#### Description of the task:
Only the lines below starting at the one that contains "2003 MILLENIUM M6F" and ending at the one that contains "2026 Toyota Tundra Hybrid Limited" are to be reproduced, exactly and with both ends kept.

#### Task data:
====================

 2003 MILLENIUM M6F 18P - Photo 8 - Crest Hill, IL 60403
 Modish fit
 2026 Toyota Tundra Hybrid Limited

====================

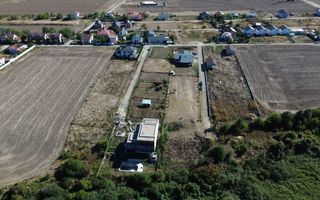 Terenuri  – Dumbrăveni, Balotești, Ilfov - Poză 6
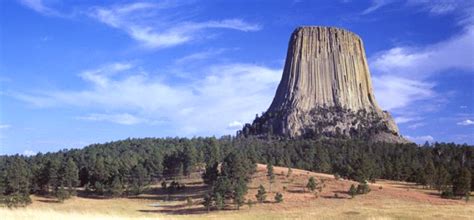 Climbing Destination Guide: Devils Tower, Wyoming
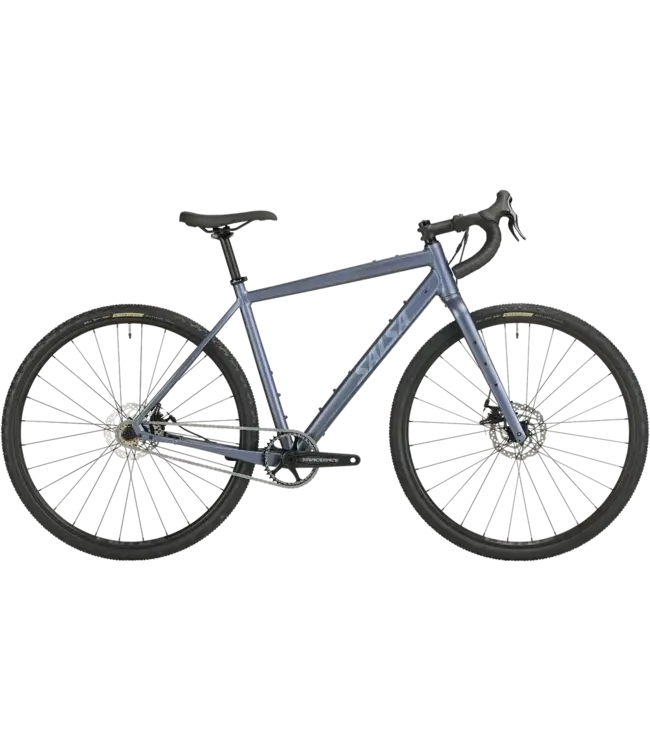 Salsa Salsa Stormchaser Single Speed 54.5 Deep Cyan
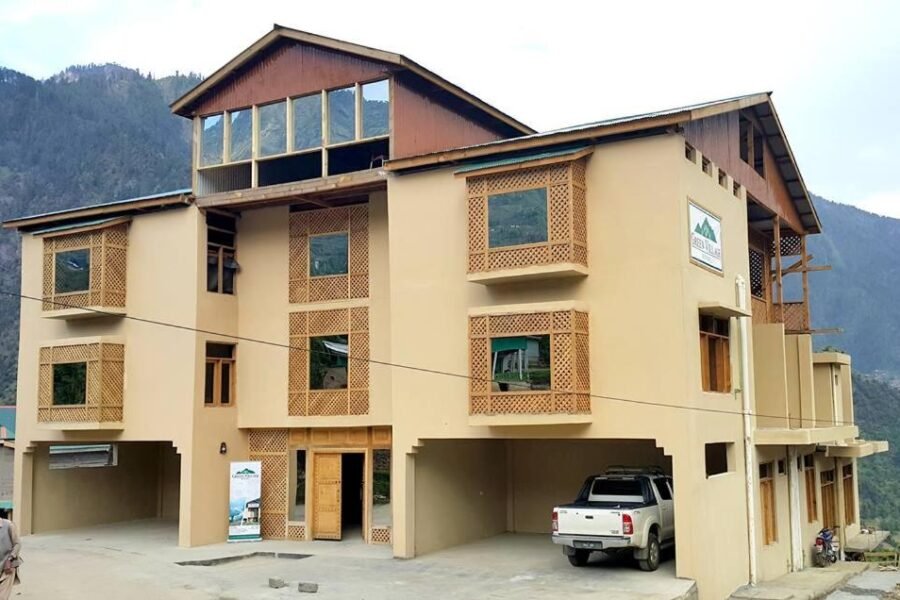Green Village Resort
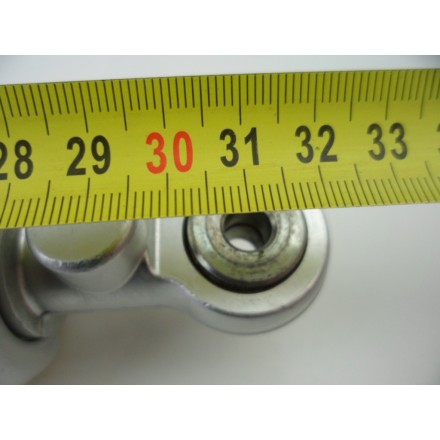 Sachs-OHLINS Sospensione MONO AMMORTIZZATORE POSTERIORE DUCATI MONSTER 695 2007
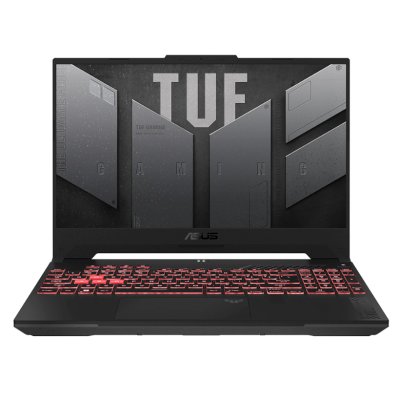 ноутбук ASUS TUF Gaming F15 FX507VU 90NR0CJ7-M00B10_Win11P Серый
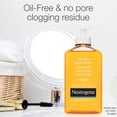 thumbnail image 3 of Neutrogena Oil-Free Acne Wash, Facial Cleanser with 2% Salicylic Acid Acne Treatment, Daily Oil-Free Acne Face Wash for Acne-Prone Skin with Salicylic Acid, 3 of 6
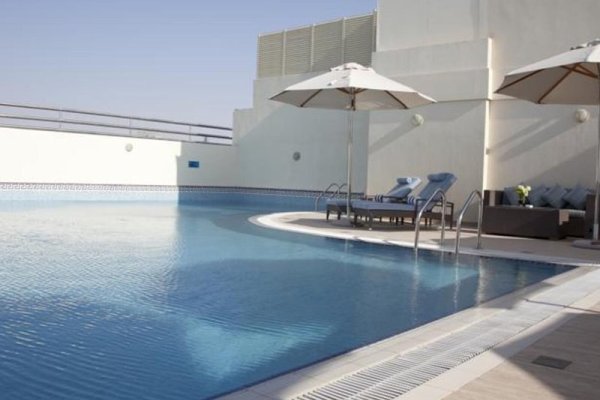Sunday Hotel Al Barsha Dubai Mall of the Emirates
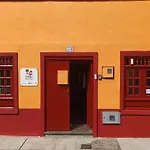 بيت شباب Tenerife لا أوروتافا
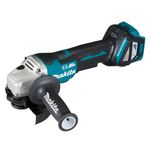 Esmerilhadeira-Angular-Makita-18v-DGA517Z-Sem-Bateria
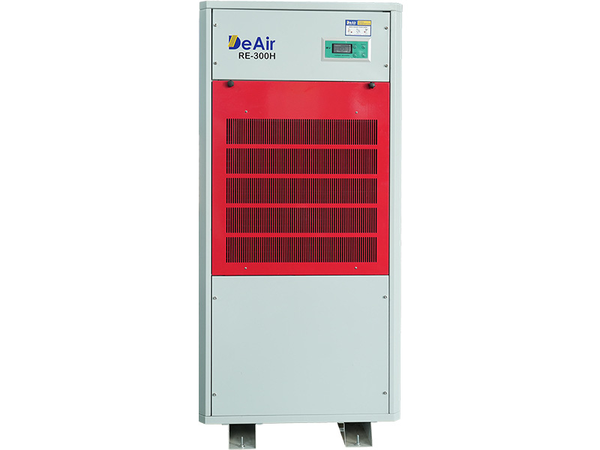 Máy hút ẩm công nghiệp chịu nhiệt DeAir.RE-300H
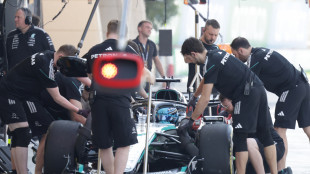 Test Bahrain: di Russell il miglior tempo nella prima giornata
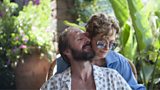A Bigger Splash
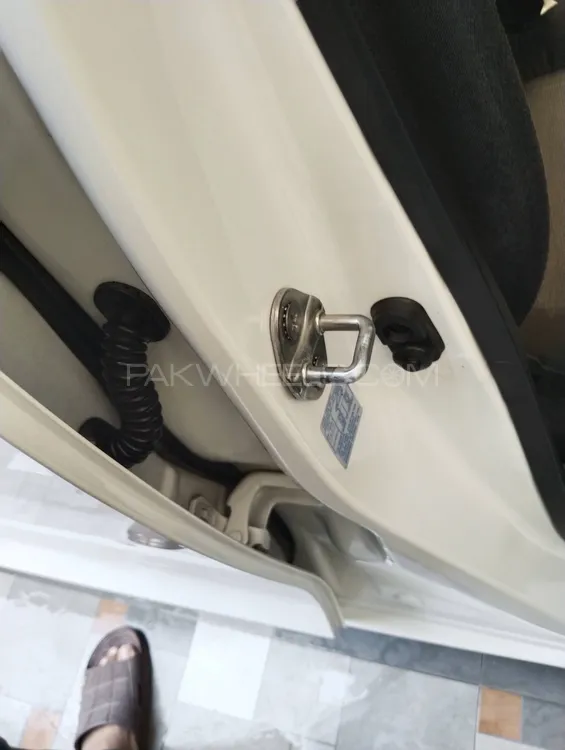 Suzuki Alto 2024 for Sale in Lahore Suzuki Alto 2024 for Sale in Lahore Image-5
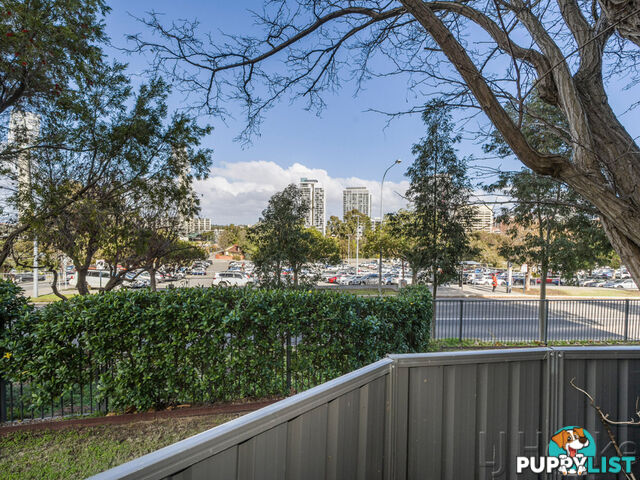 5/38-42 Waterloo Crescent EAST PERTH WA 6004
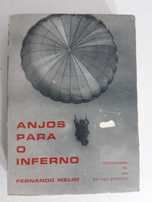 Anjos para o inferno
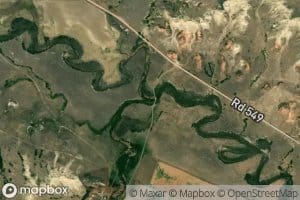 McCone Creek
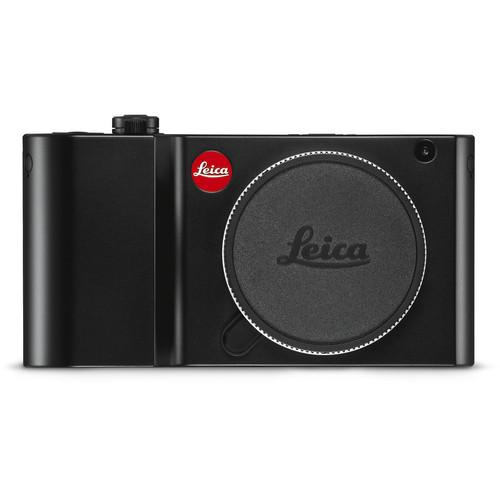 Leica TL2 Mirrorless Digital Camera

====================

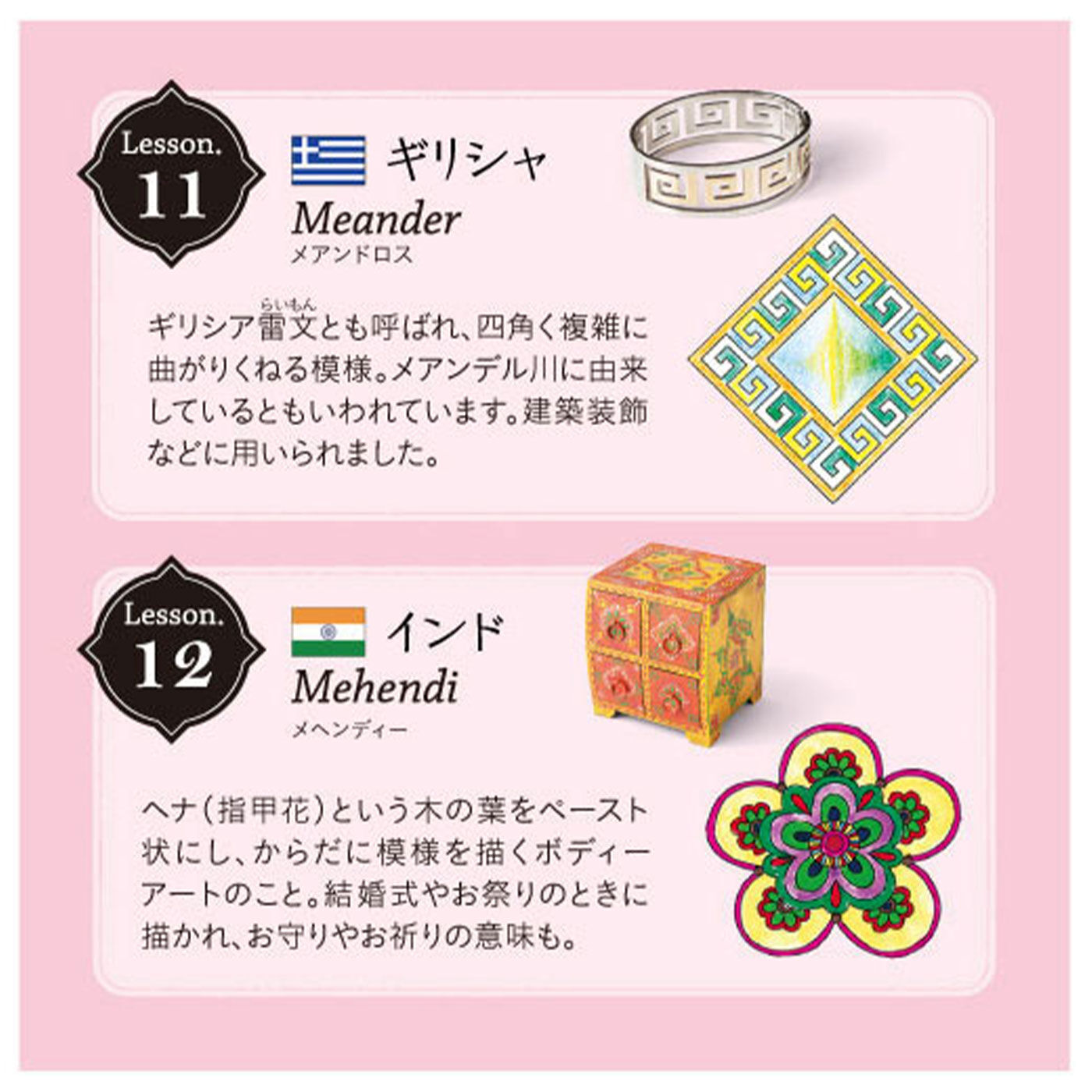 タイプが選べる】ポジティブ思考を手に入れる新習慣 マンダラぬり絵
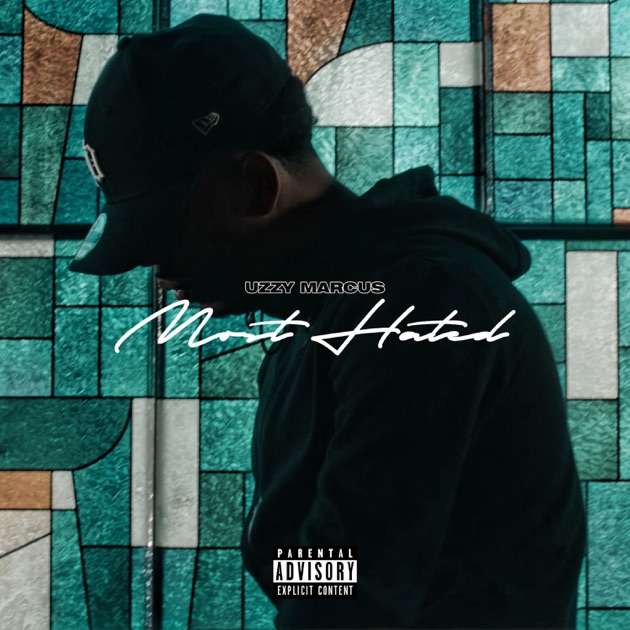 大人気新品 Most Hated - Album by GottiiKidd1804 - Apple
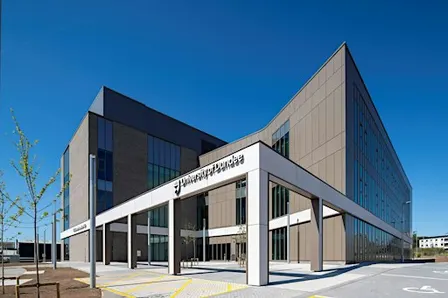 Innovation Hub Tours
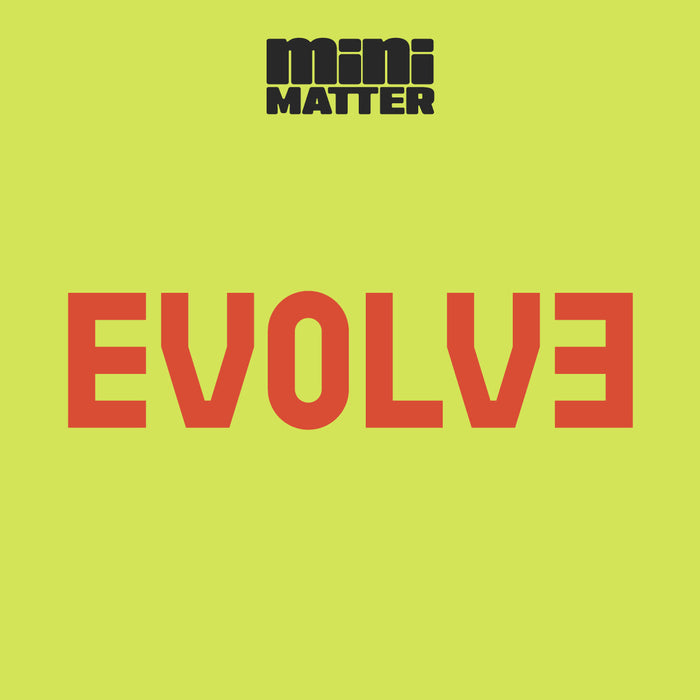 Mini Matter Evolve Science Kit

====================

#### Solution to the problem:
 2003 MILLENIUM M6F 18P - Photo 8 - Crest Hill, IL 60403
 Modish fit
 2026 Toyota Tundra Hybrid Limited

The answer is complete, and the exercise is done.